* **Prompt**
Pictures aside, the output must consist of the lines from the one containing "Produktbild: Multi-agent Systems" through the end of the data, reproduced exactly.

* **Information supplied**

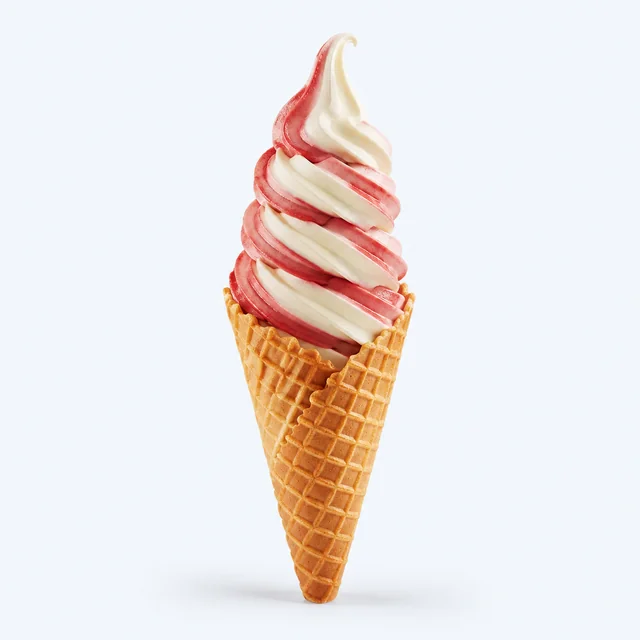 Ice cream vans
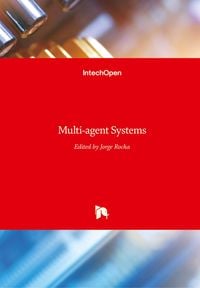 Produktbild: Multi-agent Systems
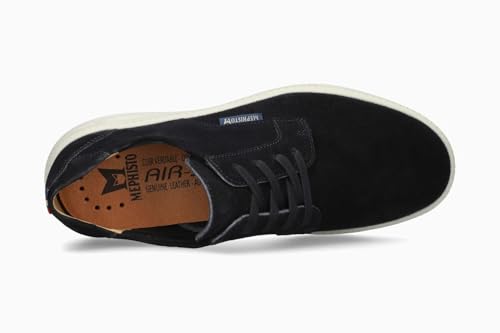 Mephisto Men's Joris Sneaker3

* **Task output**
 Produktbild: Multi-agent Systems
 Mephisto Men's Joris Sneaker3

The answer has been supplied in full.